Do your hips feel stiff? Do you have difficulty folding at the hips when in light seat or two-point? Do you have trouble absorbing the motion at the sitting trot? Whether you ride western or English having the ability to move at hips (not the waist) is important to an effective seat and a solid position. Here’s a quick tip you can do off and on your horse to improve your awareness of your hips.
(Caution: while this exercise is useful for western riders it is advised that you practice off the horse, bareback or with caution in your western saddle. You don’t want your belt getting hooked on the horn!)
Have you ever noticed when you jump that you either get pitched forward as the horse goes over the fence or fall back in the saddle on landing? Perhaps you ride dressage or western and you feel like your hips are stiff. The problem may not be in your hips but instead in the way you use your pelvis in relation to your hips.
Your hips are a ball and socket joint. Without muscles (and some people who are really good at yoga) you would be able to put both of your feet behind your head because the hip joint have tremendous mobility. In reality we have to limit the mobility in the hips in order to stand, walk and ride.
In order to control the movement of the hip there are strong ligaments, which prevent the hip joint from going too far in one direction or the other. These ligaments act to control the movement in the hip without having to use muscles. In addition there are muscles that surround the hip joint to move the leg in various directions, adduction abduction, internal rotation, external rotation, extending the hip (I call this opening) and flexing the hip joint (I call this closing). In most cases it is what you are doing with your pelvis causing your hips to act as if they are stiff. When the pelvis is in a good alignment the hips can easily open and close.
Next time you ride; try this exercise at the halt on a quiet horse. Fold forward and see if you can touch your horse’s ears. Notice if your arms feel too short or if you feel like you are falling onto the horse’s neck instead of staying well balanced over your feet. Observe if your arms want to drop towards the lower portion of the horse’s neck instead of the ears. Take one hand and feel your back. Is it round, flat or arched?

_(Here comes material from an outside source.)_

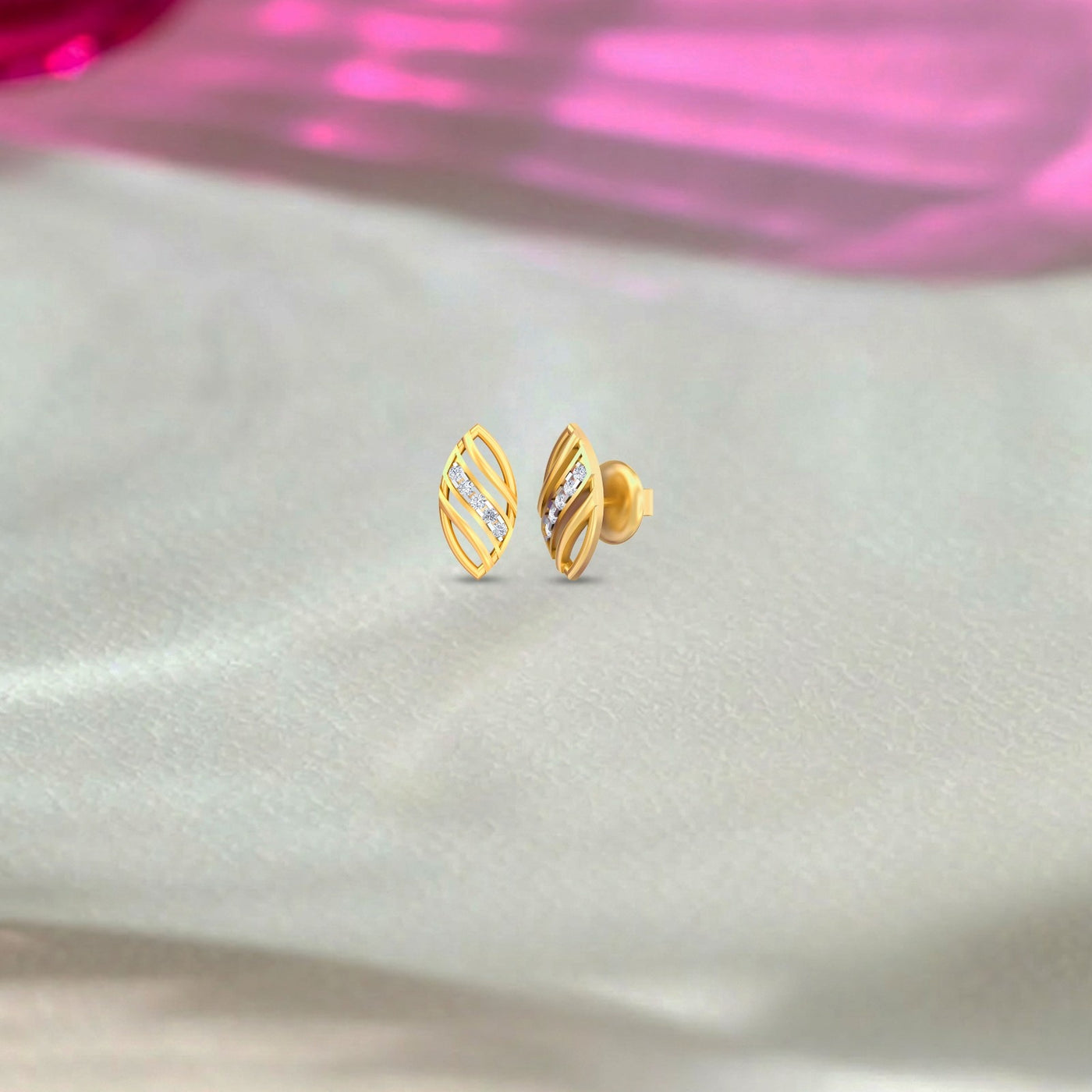 Yellow gold and diamond stud earrings on a fabric background.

Place your hands on each side of the horse’s neck and gently change the angle of your pelvis. In what position of your pelvis is it easiest close your hip and reach your horse’s ears?
If you feel like you can’t find a good position no matter what you do, push your buttocks towards the cantle of the saddle. This will give you a bit more room to fold at the hips and not the waist. As you explore your position, notice that when you are folding at the hips your arms extend without effort.
If your back is rounded your arms feel very heavy and want to drop down. If your back is arched you will not be able extend the arms easily. When attempting to sit upright with an arched back, you will have to pull yourself up with your upper body because your hips remain in a closed position.
Practice finding the alignment of your pelvis that allows your hips to open and close easily. Slide your hands towards you, yet still on the top of your horse’s neck, and see if you can push yourself upright by opening at the hips without changing the angle of your pelvis. Go slowly and feel where the alignment of your pelvis makes opening and closing your hips the easiest.
Use this Murdoch Minute as a ‘body position self-check’ to find and fold at your hip joints. Folding at your hips when riding in a forward position (regardless of the degree of angle will ensure that you remain deep and secure in the saddle regardless of the degree of fold. Finding your hips when riding on the flat will allow this joint to absorb the motion of your horse, making your sitting trot easier. And remember – enjoy the ride!